The last step to get the inlets working is to set their INLET_Q attribute to the desired value. In this project, an inlet on the east side of the map is placed with an INLET_Q of 2.300 m³/s. This number is obtained by subtracting the current flow of water (10.700 m³/s) from the future discharge (12.000 m³/s). With the inlet in place, 2.300 m³ of water is generated every second on this point. On the west side of the river, a couple of inlets with a negative value are placed. Multiple outlets are needed to prevent water from accumulating in unnatural and unintended ways.

The standard grid cell size is set on 10 m. For this project, a grid cell size of 10 m is quite rough, and can lead to some inaccurate estimations. Smaller grid cell sizes increase the accuracy of the model, but at the cost of computation time. Here, a grid cell size of 3 m is used. After adjusting the grid cell size to 3 m and the result type to SURFACE_LAST_VALUE, the platform is set up for calculations. By clicking ‘update now’.

After the calculations are finished the result overlays can be viewed.

Analyzing results

Figure 7

Figure 7 shows the project area with an additional 2.300 m³/s water discharge. At first glance, it looks normal. However, remember that specific criteria were set to justify the safety of the area at the beginning of the article. Namely, the project area is not allowed to contain any impacted buildings according to the set goals. To check this, hover over the flooding overlay icon on the right side of the screen and select the impacted buildings overlay (this feature is enabled in the configuration wizard).

Figure 8

Figure 8 shows an impacted building inside of the riverbank, at the end of a road. The model of the building appears to be an office building, which seems strange. By checking satellite images with the help of e.g. Google Maps, this building appears to be a floating dock (see Figure 9). What happened here? Why does the platform represent this dock as an office building? The platform had data available to know that a building was present there, but it didn’t have data about the specific type of building. To fill in this lack of information, the platform chose to represent this building as a standard building within its catalogue. In this instance, an office building was used. When analyzing results, always be careful of strange situations like this.

Figure 9

Apart from the dock, the some roads alongside the are marked as impacted. However, upon closer inspection with the measuring tool available on the right side of the screen, it seems people walking on these roads are still be able to walk there without getting their feet wet.

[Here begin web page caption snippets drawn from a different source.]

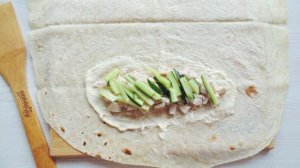 Лаваш с курицей, грибами и сыром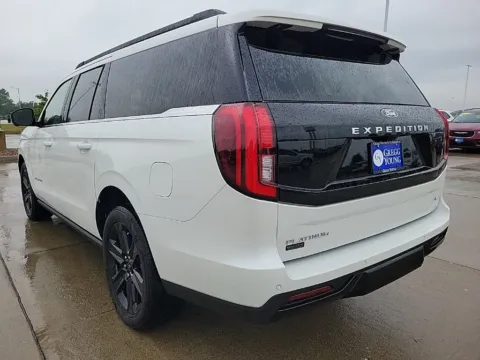 Another view of 2027 Ford Expedition Max Platinum for sale in Newton, IA at Gregg Young Ford of Newton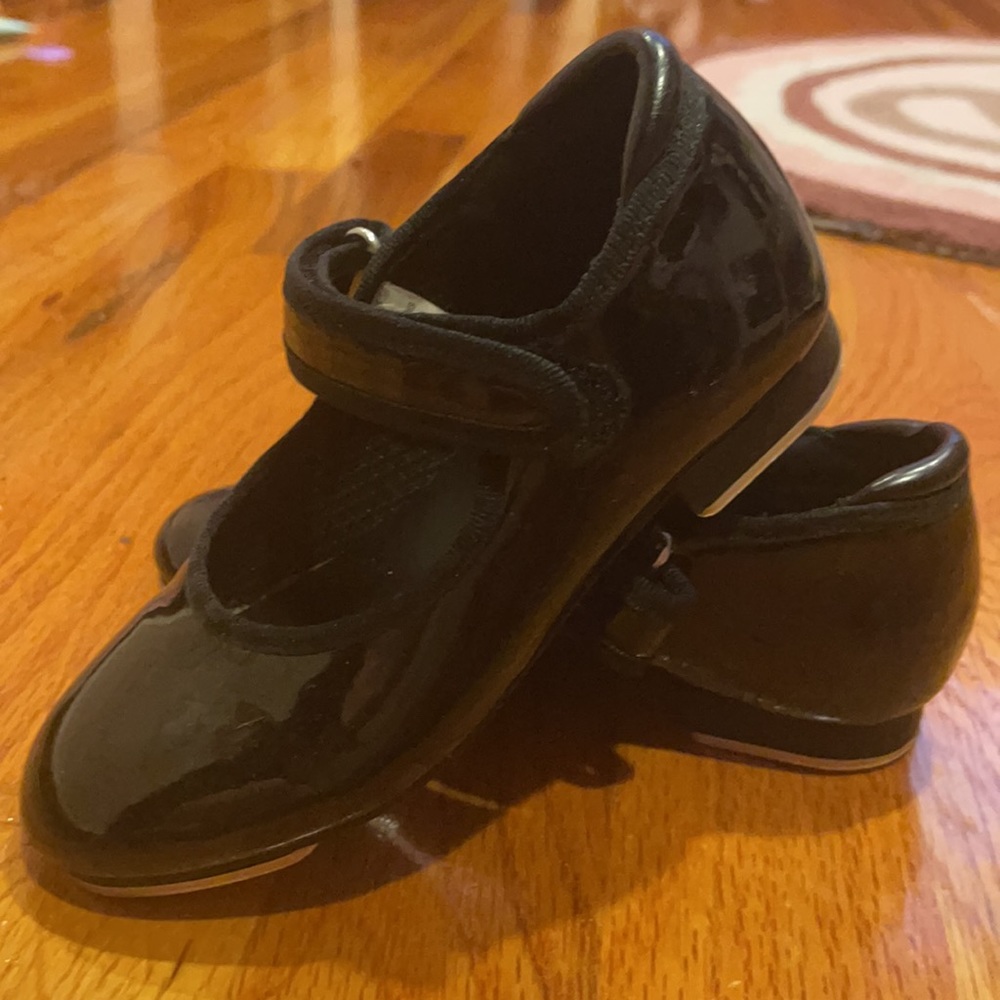 Tap shoes (toddler 9)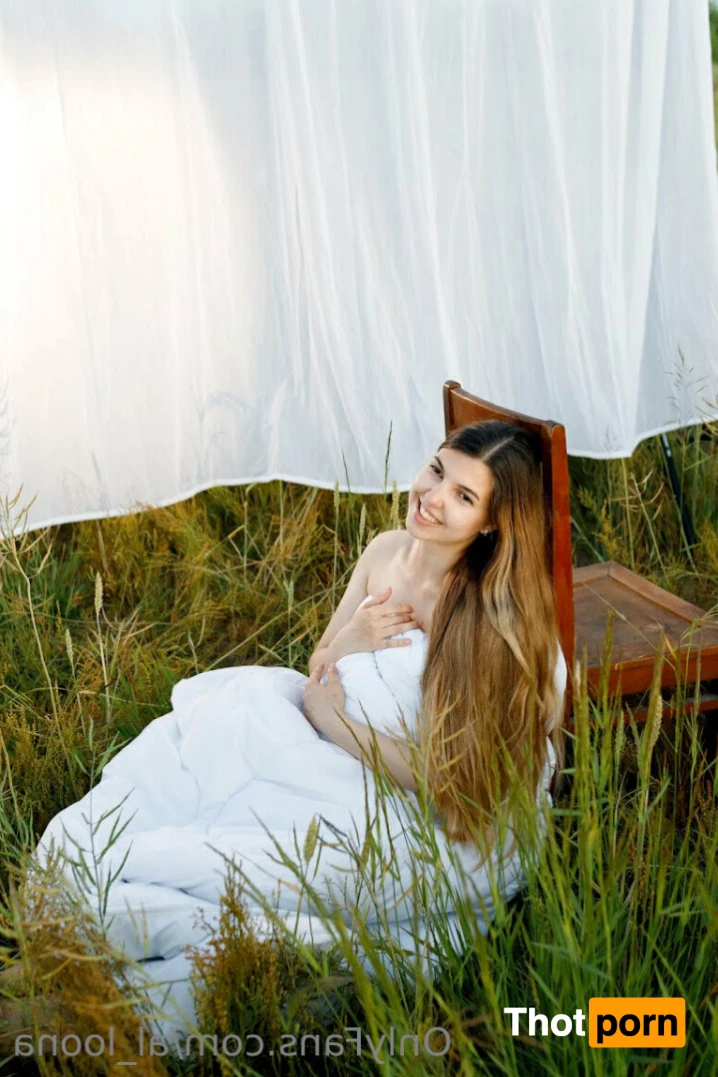 Moonlight Lina 14046306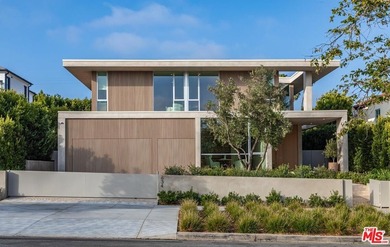 Located on one of Brentwood's most coveted streets and moments - photo 2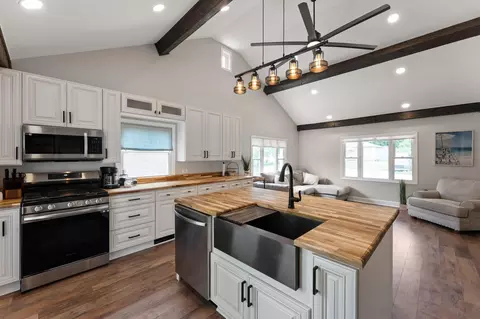 Kitchen - 355 S Howard St, Gary, IN 46403 photo 1 of 3
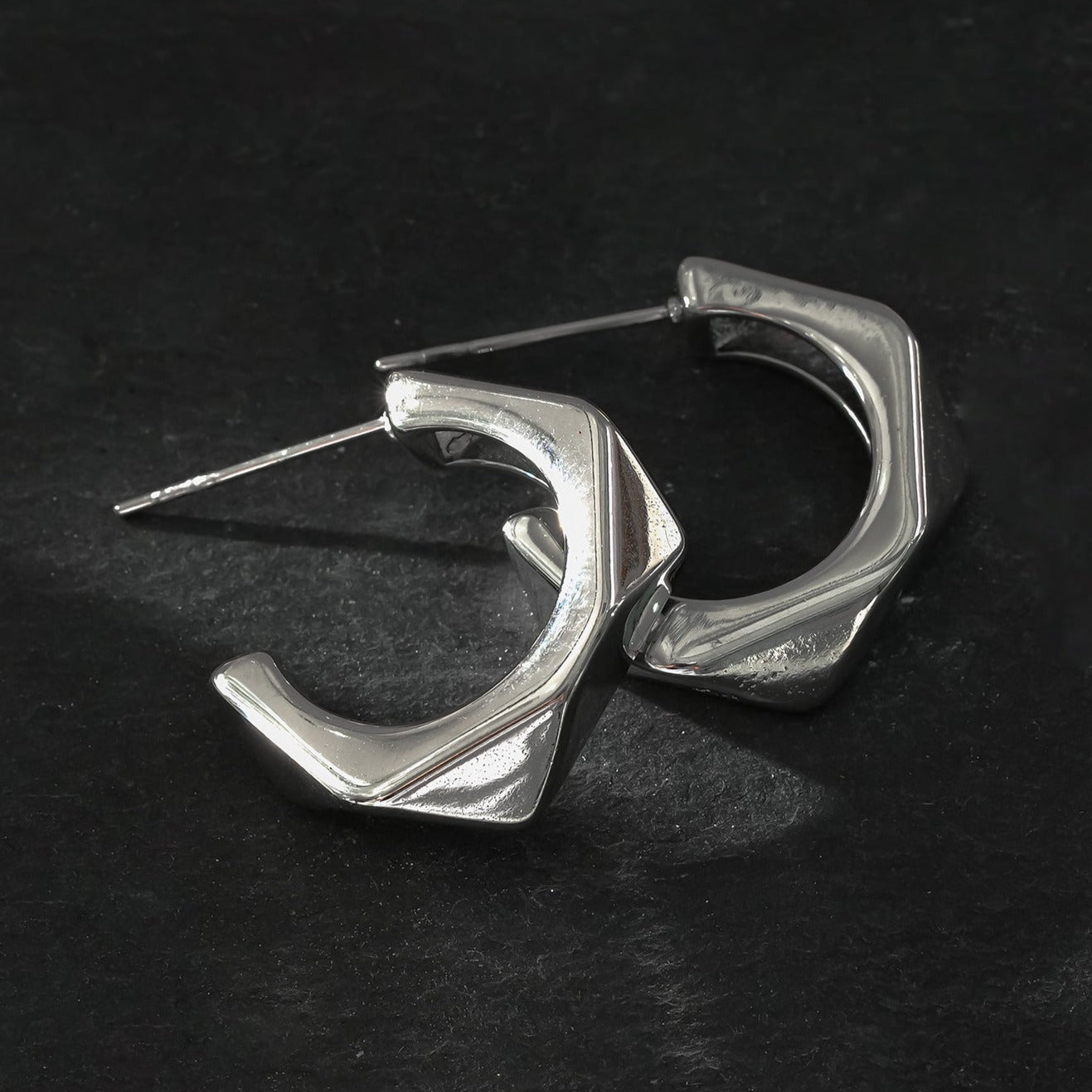 Style PERIDO Argenté (Or Blanc) : Boucles d’oreilles géométriques Art Déco.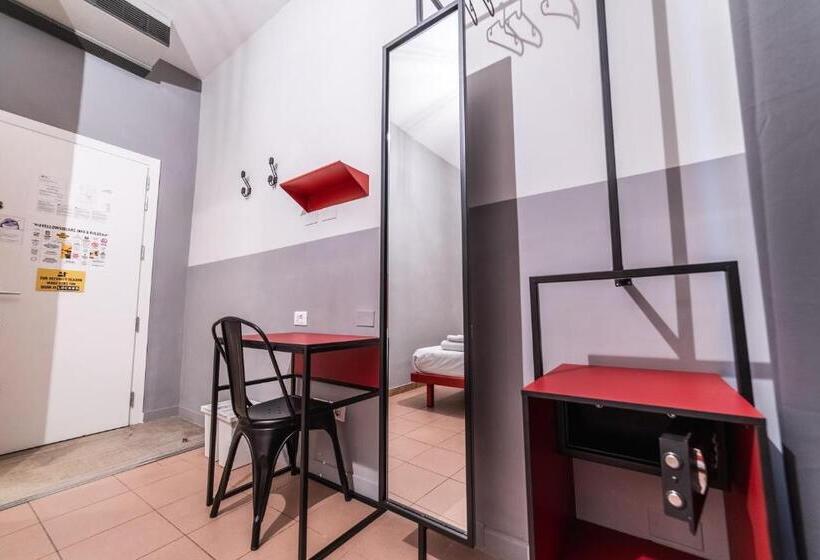 חדר סופריור יחיד, Yellowsquare Rome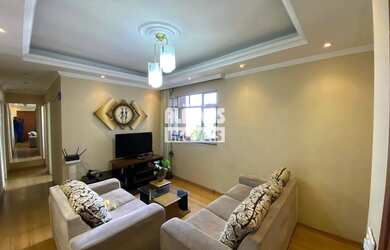 Imagem: O apartamento possui 3 Dormitórios, 1 Banheiro, 1 Vaga na garagem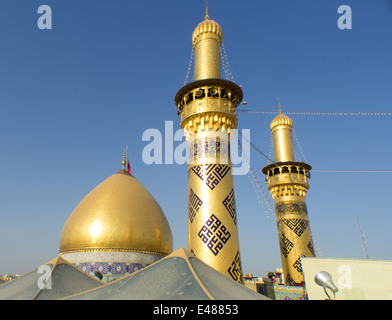 Karbala, en Irak - 30 mai 2014 : c'est le culte d'une grande coupole dorée goût et de minarets, l'un des Imams chiites qui est le frère de Banque D'Images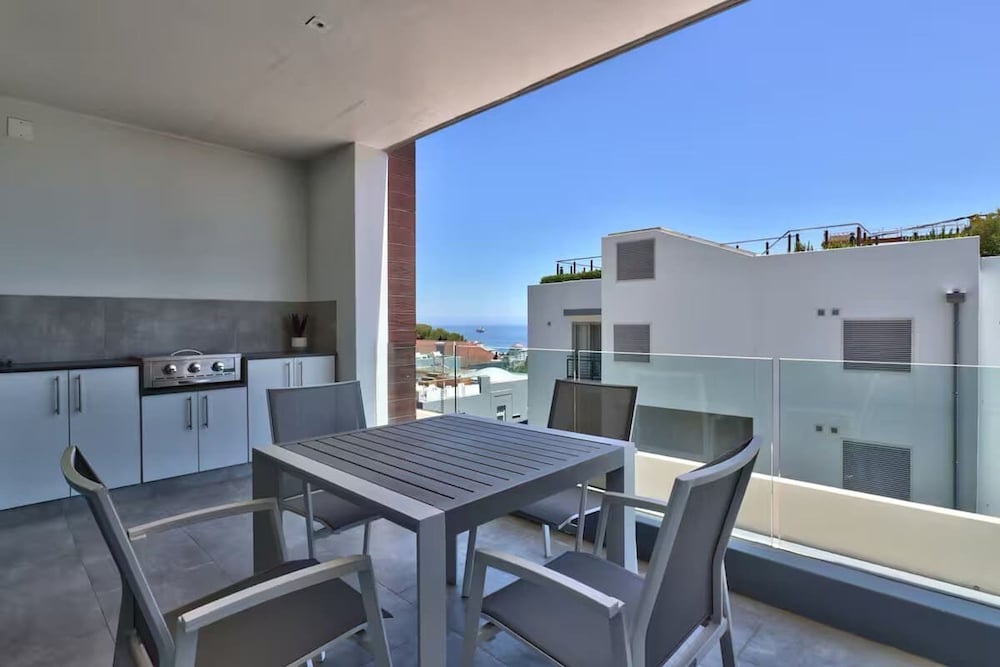 Deluxe Luxury 2 Bedroom Apartment Seapoint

Looping back to the first SMART goal set earlier, it seems like the current situation is suitable for the upcoming extra water discharge.

Updating the first scenario to a similar problem

For the second scenario, the only change needed is the value of the INLET_Q attribute of the in- and outlets. The inlet on the east side of the map is now set on 9.300 m³/s.

Figure 10

As seen in Figure 10, even during peak discharge times the dikes seem to protect the surrounding villages. However, some areas (like the industrial area in the Drutense Waarden) do get hit significantly. By hopping through timeframes (found in the bottom-left corner of the screen), it becomes apparent that during peak discharge times this area has about four to five hours to evacuate.

Quick recap

By setting SMART goals, the original user story has been made specific and measurable. This gives the user a foothold to hold onto when simulating the problem. After consulting different information sources (Tygron Wiki, Support, the forum), the problem can be simulated, tested and analyzed.